A By Vertin written confirmation (By Vertin WC) is an official document issued by a regulatory agency to a By Vertin manufacturer, verifying that the manufacturing facility of a By Vertin active pharmaceutical ingredient (API) adheres to the Good Manufacturing Practices (GMP) regulations of the importing country. When exporting By Vertin APIs or By Vertin finished pharmaceutical products to another nation, regulatory agencies frequently require a By Vertin WC (written confirmation) as part of the regulatory process.
click here to find a list of By Vertin suppliers with Written Confirmation (WC) on PharmaCompass.
National Drug Code is a comprehensive database maintained by the FDA that contains information on all drugs marketed in the US. This directory includes information about finished drug products, unfinished drug products, and compounded drug products, including those containing By Vertin as an active pharmaceutical ingredient (API).
The FDA updates the NDC directory daily. The NDC numbers for By Vertin API and other APIs are published in this directory by the FDA.
The NDC unfinished drugs database includes product listing information submitted for all unfinished drugs, such as active pharmaceutical ingredients (APIs), drugs intended for further processing and bulk drug substances for compounding.
Pharmaceutical companies that manufacture By Vertin as an active pharmaceutical ingredient (API) must furnish the FDA with an updated record of all drugs that they produce, prepare, propagate, compound, or process for commercial distribution in the US at their facilities.
The NDC directory also contains data on finished compounded human drug products that contain By Vertin and are produced by outsourcing facilities. While these outsourcing facilities are not mandated to assign a By Vertin NDC to their finished compounded human drug products, they may choose to do so.
click here to find a list of By Vertin suppliers with NDC on PharmaCompass.
By Vertin Active pharmaceutical ingredient (API) is produced in GMP-certified manufacturing facility.
GMP stands for Good Manufacturing Practices, which is a system used in the pharmaceutical industry to make sure that goods are regularly produced and monitored in accordance with quality standards. The FDA’s current Good Manufacturing Practices requirements are referred to as cGMP or current GMP which indicates that the company follows the most recent GMP specifications. The World Health Organization (WHO) has its own set of GMP guidelines, called the WHO GMP. Different countries can also set their own guidelines for GMP like China (Chinese GMP) or the EU (EU GMP).
PharmaCompass offers a list of By Vertin GMP manufacturers, exporters & distributors, which can be sorted by USDMF, JDMF, KDMF, CEP (COS), WC, and more, enabling you to easily find the right By Vertin GMP manufacturer or By Vertin GMP API supplier for your needs.
A By Vertin CoA (Certificate of Analysis) is a formal document that attests to By Vertin's compliance with By Vertin specifications and serves as a tool for batch-level quality control.
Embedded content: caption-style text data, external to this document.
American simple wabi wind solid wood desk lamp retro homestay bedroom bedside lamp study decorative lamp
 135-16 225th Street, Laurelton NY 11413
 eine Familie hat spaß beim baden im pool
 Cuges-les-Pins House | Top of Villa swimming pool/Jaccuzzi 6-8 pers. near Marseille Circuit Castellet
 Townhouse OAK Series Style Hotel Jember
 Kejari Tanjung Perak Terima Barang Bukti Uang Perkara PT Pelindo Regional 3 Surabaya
By Vertin CoA mostly includes findings from lab analyses of a specific batch. For each By Vertin CoA document that a company creates, the USFDA specifies specific requirements, such as supplier information, material identification, transportation data, evidence of conformity and signature data.
By Vertin may be tested according to a variety of international standards, such as European Pharmacopoeia (By Vertin EP), By Vertin JP (Japanese Pharmacopeia) and the US Pharmacopoeia (By Vertin USP).